▶ WHAT YOU ARE ASKED TO DO
Extract exactly and only the lines from the one containing "Fritéza TEFAL FF203130" through the end of the entries below. Pictures should not appear in the copy.

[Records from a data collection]
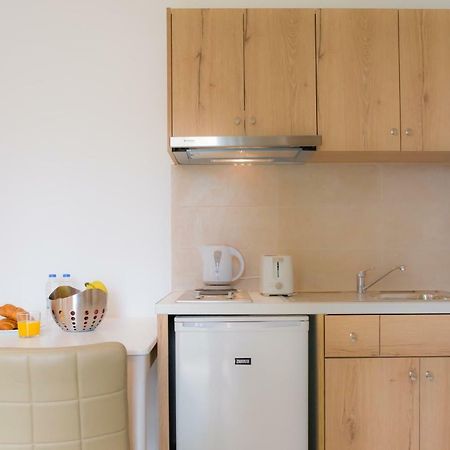 Stellar Apartments I Platanés Zewnętrze zdjęcie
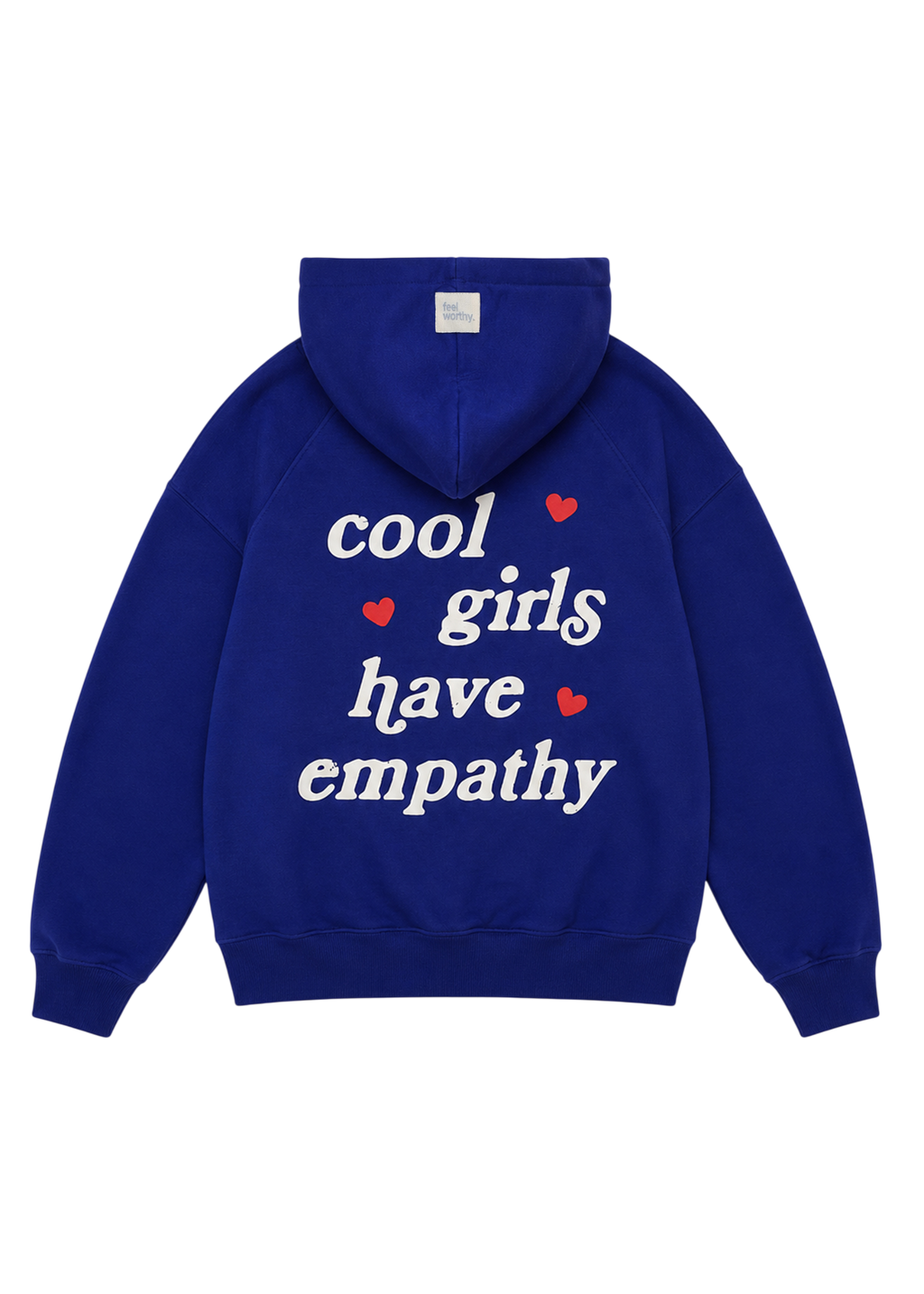 Cool Girls Hoodie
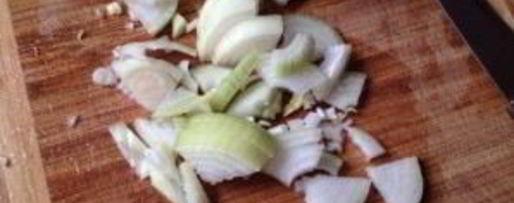 Шаг 1: гречки с мясом в горшочках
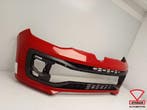 VW UP Facelift Voorbumper bumper 2016+, Auto-onderdelen, Ophalen, Gebruikt, Volkswagen, Bumper
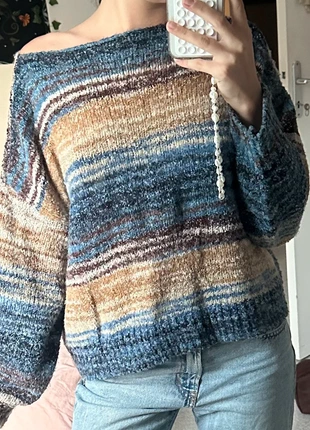 Pull en laine, brand: pas de marque, condition: Very good, size: One size, €5.00, €5.95 includes Buyer Protection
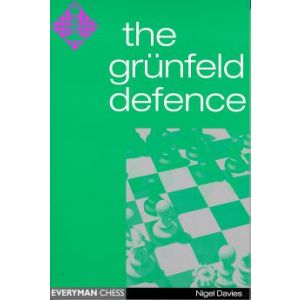 The Grünfeld Defence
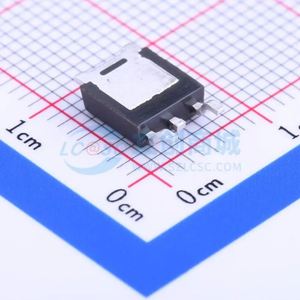 Composant électronique neuf d'origine LM1117DTX-5.0/NOPB - Product Image 2
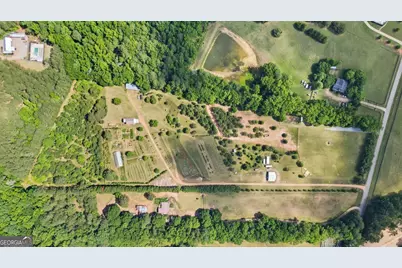 1465 Thurston Snow Road, Good Hope, GA 30641 - Photo 16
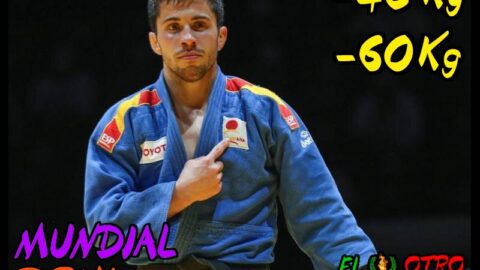 Jornada 1 mundial Doha 2023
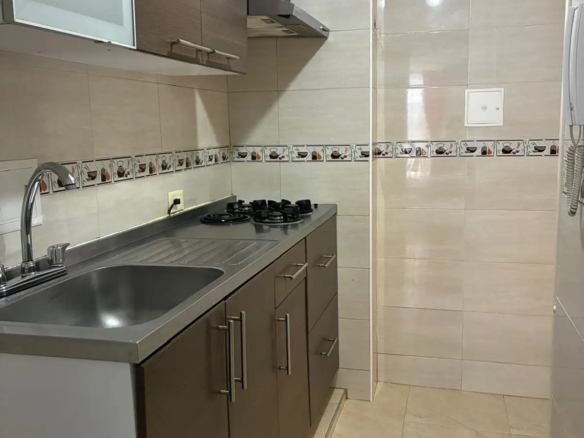 Apartamento en Arriendo en Suba, Bogotá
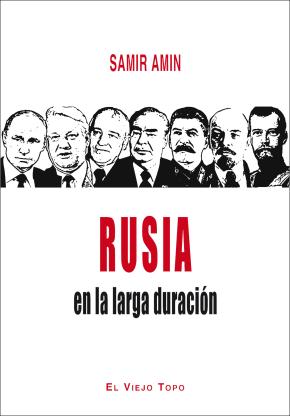 Rusia en la larga duración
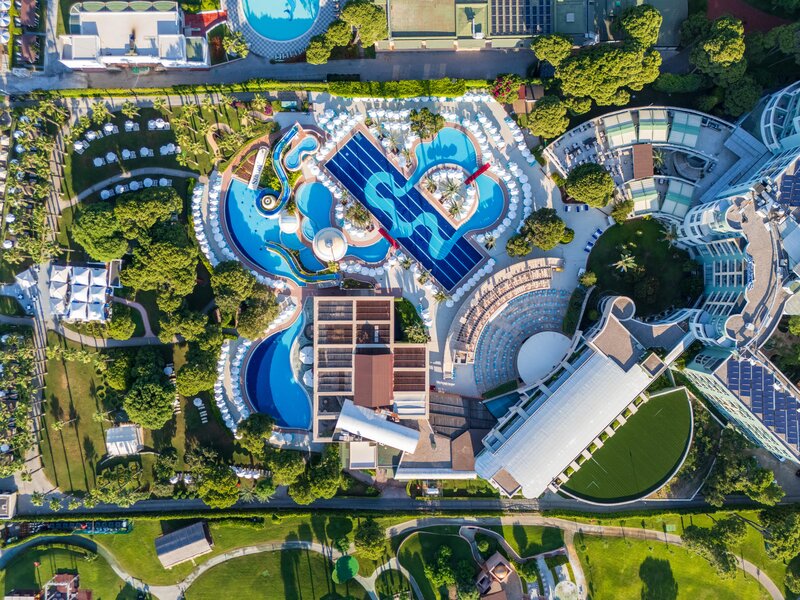 Limak Atlantis Deluxe Hotel & Resort 57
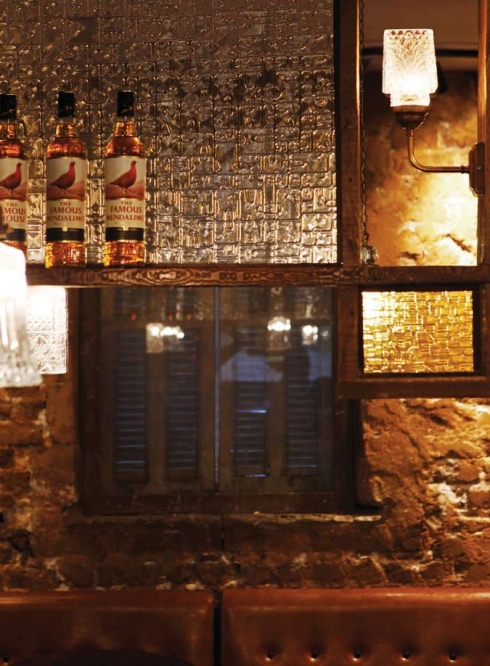 מנדלימוס בר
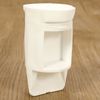 White Water Filter Bypass Plug Plastic For RCA GE Refrigerator #WR17X33825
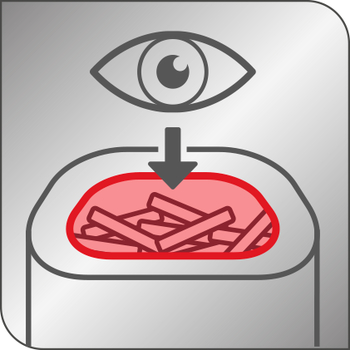 Fritéza TEFAL FF203130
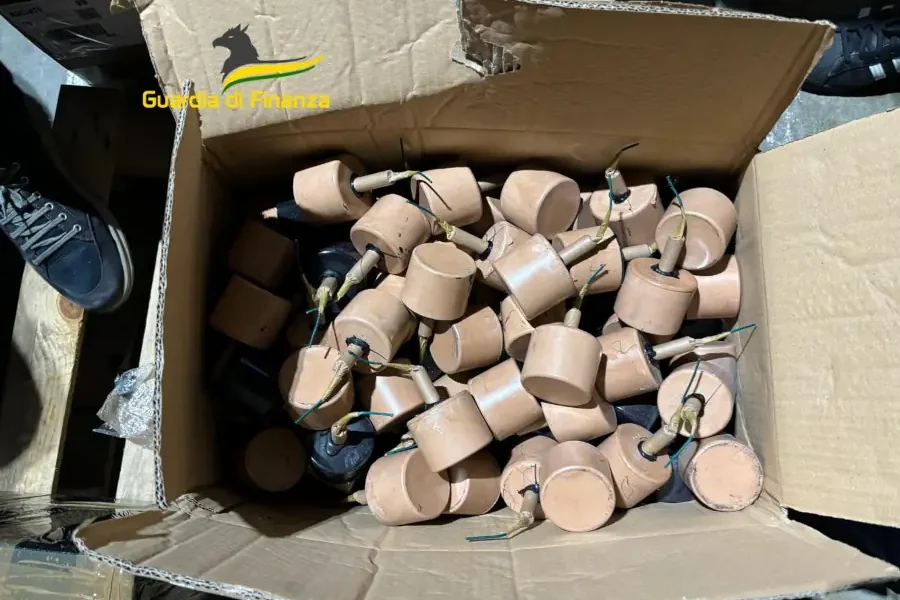 Mariglianella e Scisciano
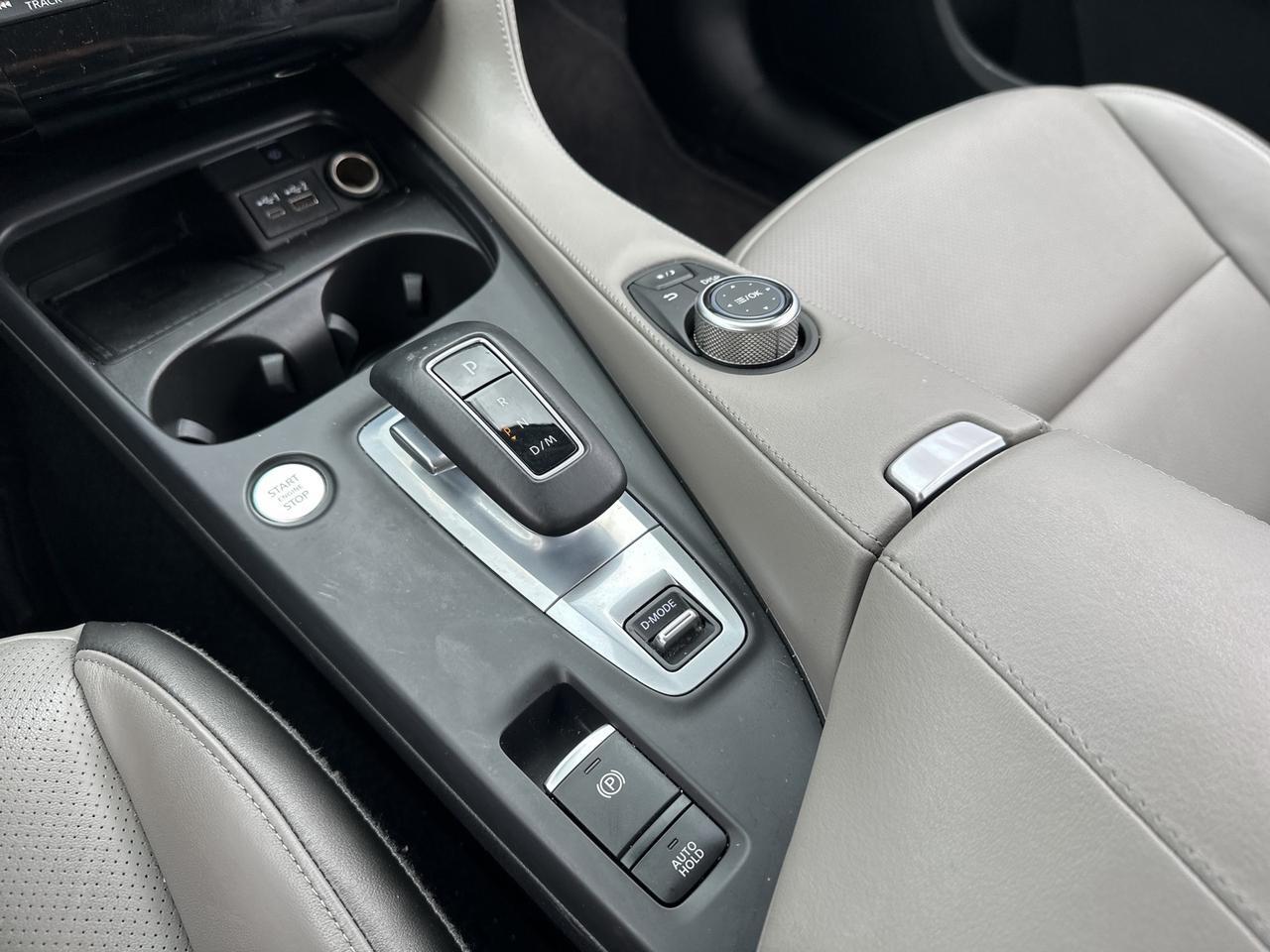 2025 INFINITI QX50 LUXE Chantilly VA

▶ ANSWER TO THIS PROBLEM
 Fritéza TEFAL FF203130
 Mariglianella e Scisciano
 2025 INFINITI QX50 LUXE Chantilly VA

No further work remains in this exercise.